--- START ---
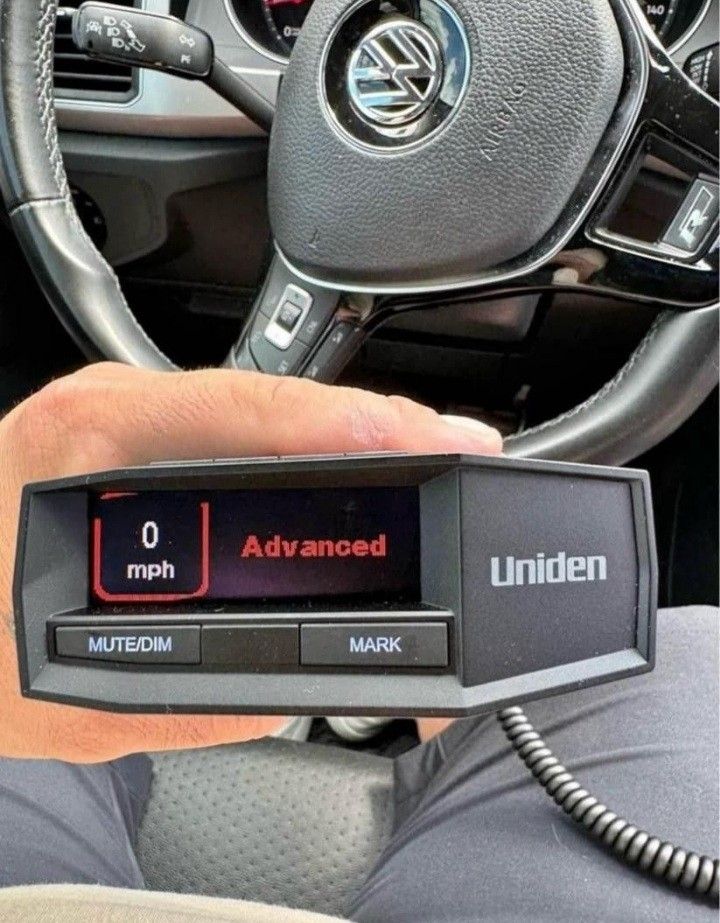 Uniden R8 Radar Detector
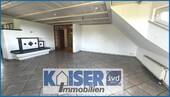 heller Wohn - und Essbereich mit Kaminsitz - Helle 4,5-Zimmer-Dachgeschosswohnung mit zwei Balkonen in Burg (Görwihl)
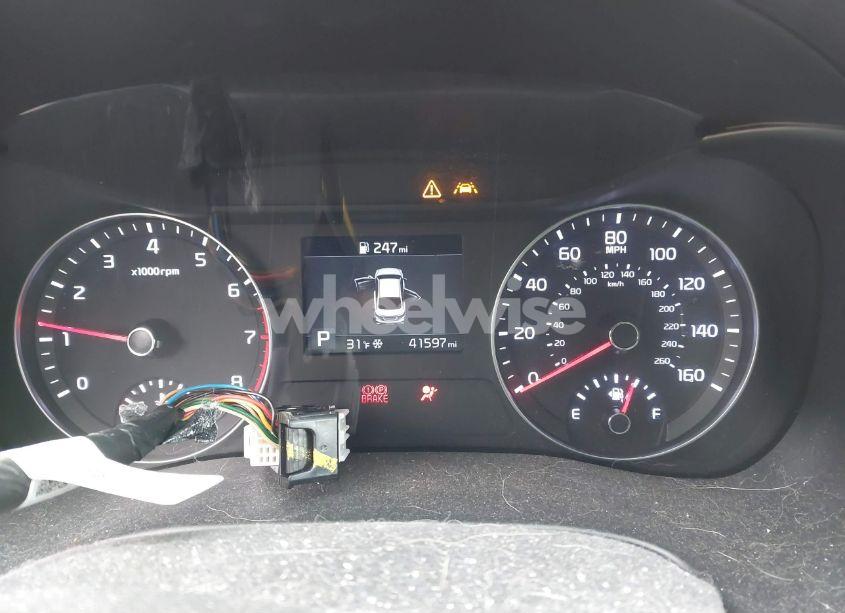 Photo 7 of 2021 Kia Forte LXS (VIN 3KPF24AD1ME317943)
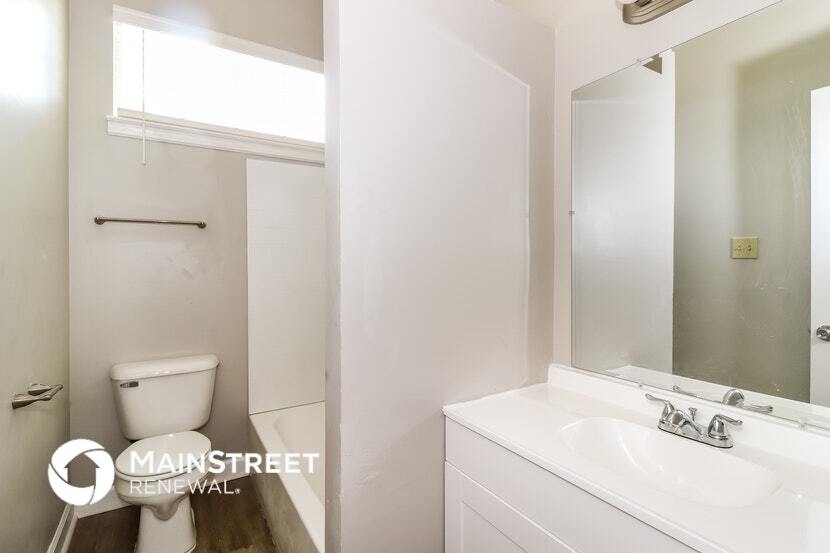 Building Photo - 4515 Kings Grant Dr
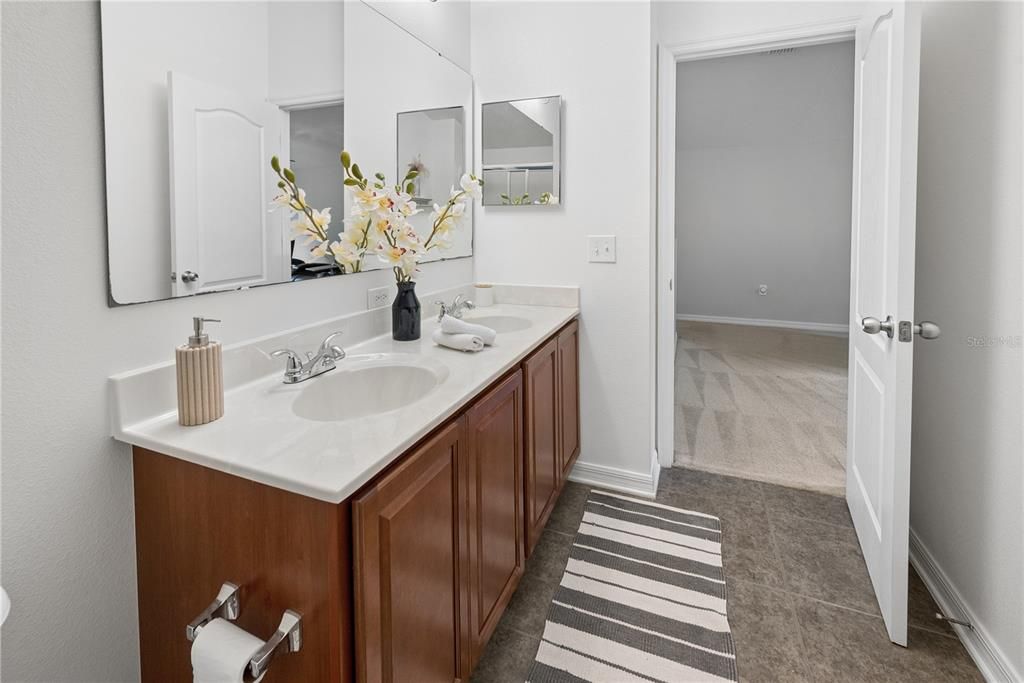 Activo con contrato: $334,900 (4 camas, 2 baños, 2732 Pies cuadrados)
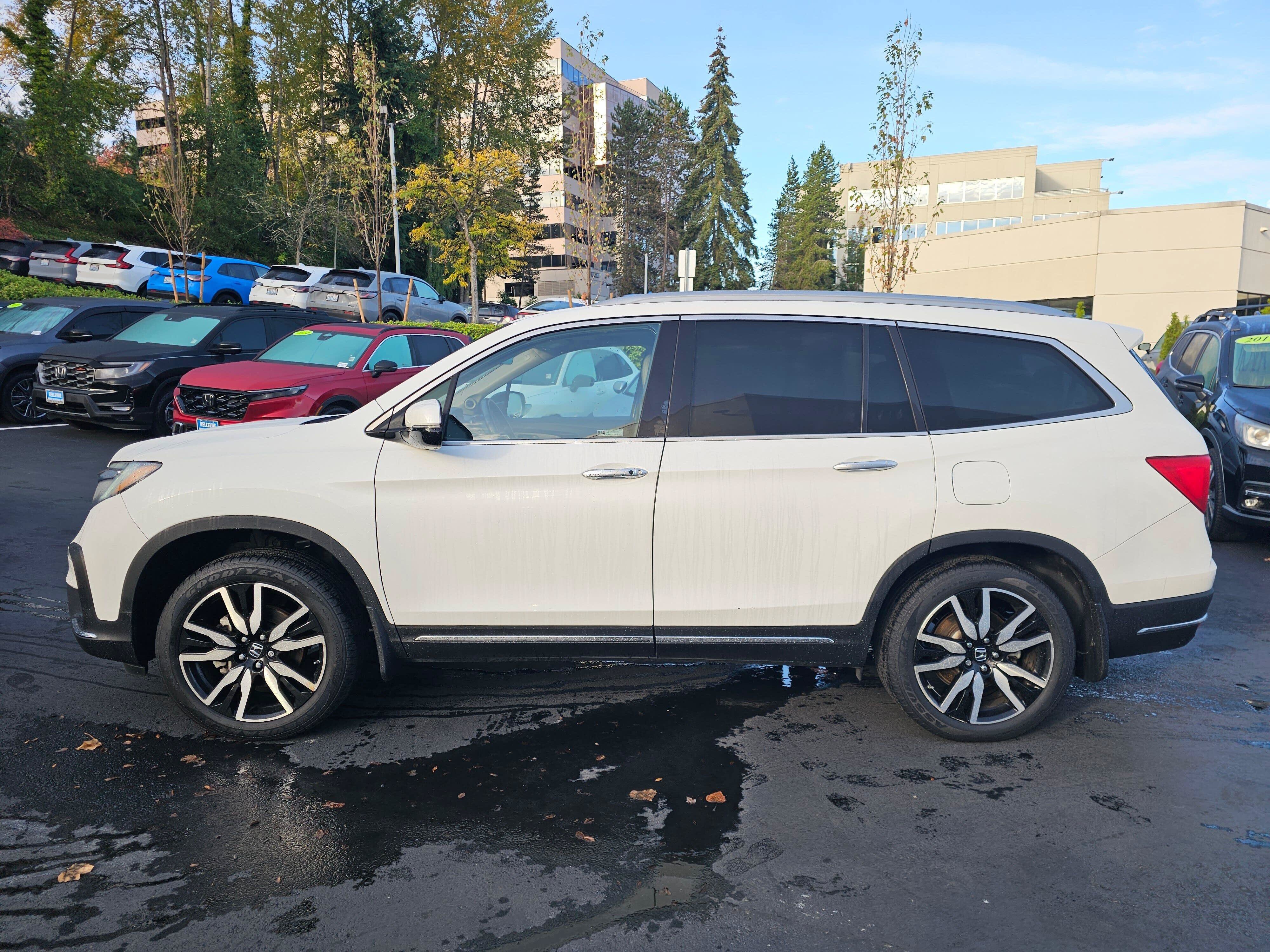 Used 2022 Honda Pilot Elite image 4
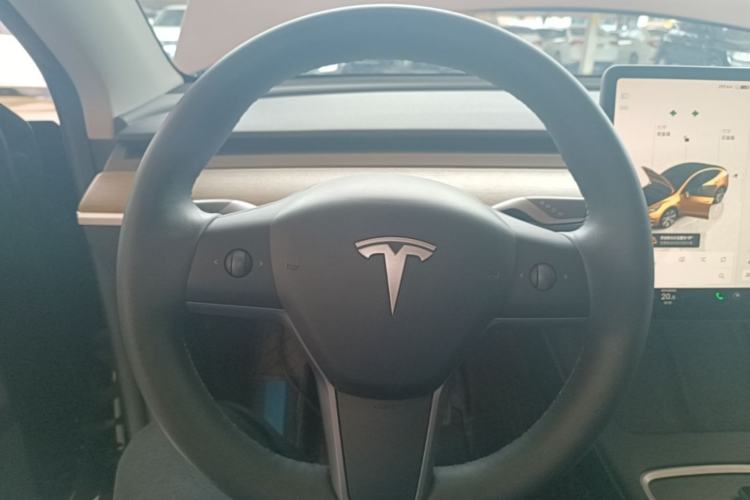 Used Tesla Model Y 2022 Revised Version Rear-Wheel Drive Steering Wheel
--- END ---
#### Aim of the task
Pictures are to be excluded; all other material must be transcribed exactly.

#### Output of the exercise
 Uniden R8 Radar Detector
 heller Wohn - und Essbereich mit Kaminsitz - Helle 4,5-Zimmer-Dachgeschosswohnung mit zwei Balkonen in Burg (Görwihl)
 Photo 7 of 2021 Kia Forte LXS (VIN 3KPF24AD1ME317943)
 Building Photo - 4515 Kings Grant Dr
 Activo con contrato: $334,900 (4 camas, 2 baños, 2732 Pies cuadrados)
 Used 2022 Honda Pilot Elite image 4
 Used Tesla Model Y 2022 Revised Version Rear-Wheel Drive Steering Wheel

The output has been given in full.